#### [The data]
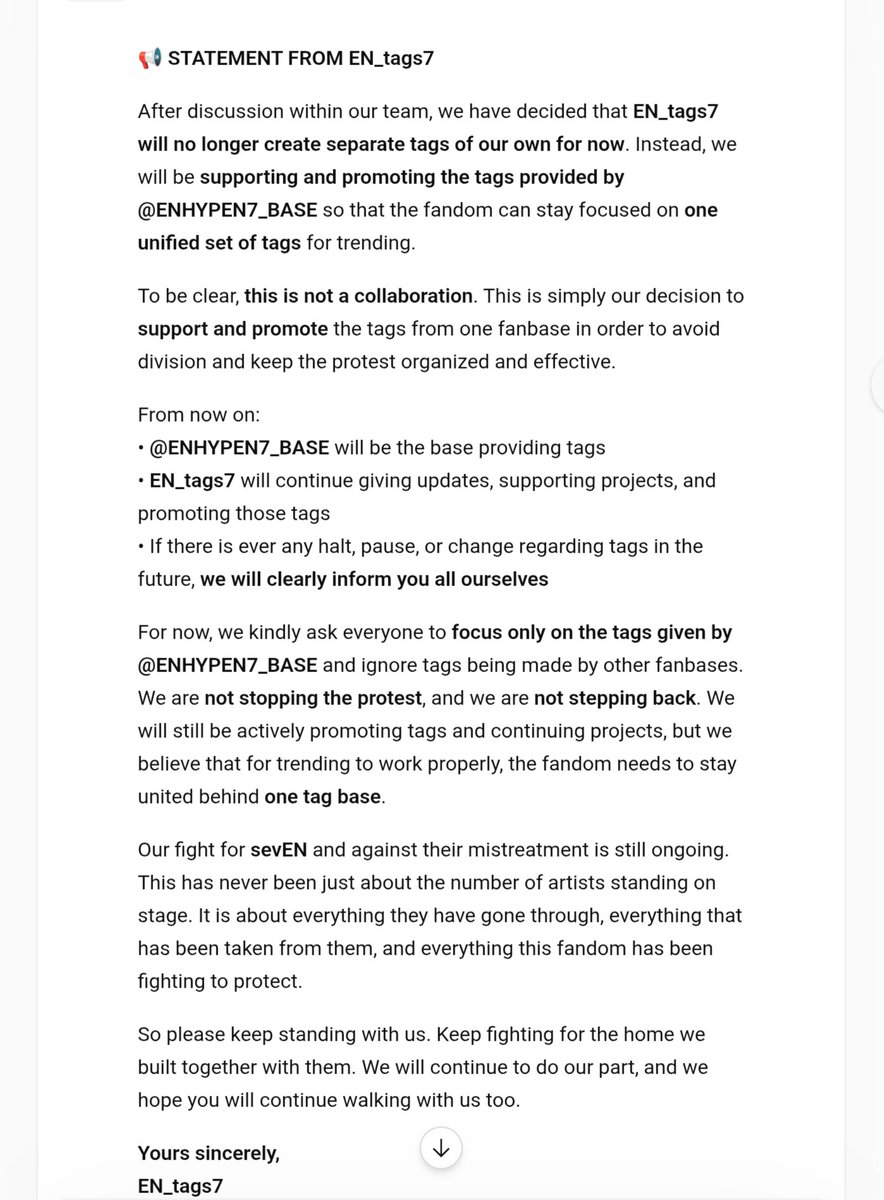 Tags_for7's tweet photo. ATTENTION, ENGENEs! 🔊🩷🤍

Kindly go through this, we will continue fighting for our ENHYPEN! no decision, no misinformation. We look forward to working with you all!
Focus only on tags given by @ENHYPEN7_BASE (this is NOT collaboration) and promote them! https://t.co/ZlbXBL9HOW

#### [Task prompt]
Give back the material word for word and drop the pictures it holds.

#### [Answer space]
 Tags_for7's tweet photo. ATTENTION, ENGENEs! 🔊🩷🤍

Kindly go through this, we will continue fighting for our ENHYPEN! no decision, no misinformation. We look forward to working with you all!
Focus only on tags given by @ENHYPEN7_BASE (this is NOT collaboration) and promote them! https://t.co/ZlbXBL9HOW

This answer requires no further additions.